2018 on Track to Be One of the Worst Ever for Data Breaches
A total of 3,676 breaches involving over 3.6 billion records were reported in the first nine months of this year alone.
November 12, 2018
It has been another brutal year for organizations, according to a new report summarizing data breach activity in the first nine months of 2018.
On the one hand, the number of reported data breaches this year between Jan. 1 and Sept. 30 was down 8% compared with the same point last year. In addition, the number of exposed records for the first nine months of this year was lower by a substantial 49%. Yet at the same time, the numbers still translated to 3,676 breaches and a staggering 3.6 billion records compromised.
That puts 2018 on track for having the second-most number of reported breaches in a year and the third-highest number of records exposed overall since 2005, according to Risk Based Security, which analyzed data pertaining to breaches gathered from public sources, through automated and proprietary processes, and other means.
Seven of the breaches this year exposed 100 million or more records, and the 10 largest accounted for more than eight in 10 of all records compromised. Among those suffering major data breaches this year were Facebook, Under Armour, Ticketfly, and Hudson's Bay Company.
That there were fewer data breaches and records compromised in the first nine months of 2018 compared withthe same period last year could be that attackers were more engaged in crypto-currency mining activities in the early part of this year. There were also no catastrophic events like the WannaCry and Petya/NotPetya outbreaks as in 2017, at least through the end of September. But that does not mean the threat has become any less.
"Breaches are not going away; the problem is not getting better," says Inga Goddijn, executive vice president of Risk Based Security. "There is still money to made by stealing sensitive and confidential data."
Despite mounting regulatory pressures, this year saw little improvement in the interval between when organizations first discover a breach and when they publicly disclose the event. In 2017, organizations took an average 47 days to publicly disclose an event; this year the number stood at 47.5 days.

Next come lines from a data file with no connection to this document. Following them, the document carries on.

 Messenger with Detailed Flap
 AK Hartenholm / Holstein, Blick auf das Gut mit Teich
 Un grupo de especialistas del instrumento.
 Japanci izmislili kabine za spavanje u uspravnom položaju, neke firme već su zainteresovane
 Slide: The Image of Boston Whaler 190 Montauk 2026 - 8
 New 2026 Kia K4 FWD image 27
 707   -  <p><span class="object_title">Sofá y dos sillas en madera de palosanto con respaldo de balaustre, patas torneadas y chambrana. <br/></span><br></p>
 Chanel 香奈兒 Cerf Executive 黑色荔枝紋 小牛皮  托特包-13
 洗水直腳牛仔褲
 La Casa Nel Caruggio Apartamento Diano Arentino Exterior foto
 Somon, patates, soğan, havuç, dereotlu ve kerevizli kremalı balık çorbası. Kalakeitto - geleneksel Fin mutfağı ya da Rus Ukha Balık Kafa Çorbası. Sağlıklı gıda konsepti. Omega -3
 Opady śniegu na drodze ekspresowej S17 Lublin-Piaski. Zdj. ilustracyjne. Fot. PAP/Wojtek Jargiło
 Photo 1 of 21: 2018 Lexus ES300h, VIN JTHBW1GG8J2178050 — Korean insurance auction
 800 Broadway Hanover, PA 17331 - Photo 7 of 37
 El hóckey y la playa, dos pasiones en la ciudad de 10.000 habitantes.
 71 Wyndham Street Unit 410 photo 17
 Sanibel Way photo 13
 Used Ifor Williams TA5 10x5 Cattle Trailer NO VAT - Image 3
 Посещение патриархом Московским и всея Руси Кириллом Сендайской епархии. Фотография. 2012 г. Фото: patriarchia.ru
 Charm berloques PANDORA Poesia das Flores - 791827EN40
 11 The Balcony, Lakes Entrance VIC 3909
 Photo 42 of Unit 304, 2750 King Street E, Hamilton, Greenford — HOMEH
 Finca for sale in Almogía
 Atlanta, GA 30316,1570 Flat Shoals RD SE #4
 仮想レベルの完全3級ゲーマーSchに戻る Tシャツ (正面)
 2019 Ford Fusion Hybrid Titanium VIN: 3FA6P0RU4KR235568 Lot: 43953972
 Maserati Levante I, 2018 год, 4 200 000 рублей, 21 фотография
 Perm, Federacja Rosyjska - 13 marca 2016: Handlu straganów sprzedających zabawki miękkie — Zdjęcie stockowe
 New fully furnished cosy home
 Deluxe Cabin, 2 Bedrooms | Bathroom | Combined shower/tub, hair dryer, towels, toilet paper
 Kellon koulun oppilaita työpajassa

For all the investments that organizations are making in breach detection and response, most discover a breach only after being informed of it by an external party. Just 483 — or 13% —of the 3,676 publicly reported data breaches were discovered internally, according to Risk Based Security. In well more than half the reported breaches — 2,171 — the breached entity did not know about the intrusion until being informed by a third party.
"The vast majority of breaches are still uncovered by external sources, such as law enforcement or banks detecting fraudulent activity, then alerting the organization they may have an issue," Goddijn says. "Until we get better at finding breaches in-house, I'm skeptical we'll see much improvement [in breach reporting]."
As has been the case for several years, insiders posed the biggest threat to data. Fraud — a term that Risk Based Security uses to describe any sort of malicious insider activity or no-technical methods of illegally accessing data — accounted for nearly 36% of the records compromised.
In fact, some of the most damaging incidents this year resulted from insiders selling access to databases containing sensitive data, Goddijn says. More than 30 of 51 data breaches involving intellectual property in the first nine months of 2018 stemmed from inside the organization. In addition to malicious activity, many organizations suffered data compromises because of employees and others with insider access mishandling assets.
Email addresses, passwords, names, and, addresses were the most commonly exposed data types. But 18% of the breaches exposed Social Security numbers, 15% involved credit card data, and 11% compromised birth dates.
While insiders were responsible for the most number of records compromised, hacking by external parties continued to be the primary reason for security incidents at most organizations.
"Typically, hacking is financially motivated, whether it be to steal data that can later be monetized or leverage system access for some other operation that ultimately generates income for the actor," Goddijn says. But there were other causes for external hacking as well, including political motivations and curiosity, she adds.
Somewhat surprisingly given current regulatory pressures, about 35% of organizations that suffered a breach this year did not or were not able to disclose the number of records impacted in the incident.
Ironically enough, many of these breaches were less significant than the refusal to disclose details might suggest Goddijn says. More than 48% of all breaches, in fact, exposed between one and 1,000 records. "We've become so accustomed to seeing headline-busting breaches — with hundreds of thousands or even millions of records lost — that when the number is 'undisclosed,' people have a tendency to assume the worst," she notes.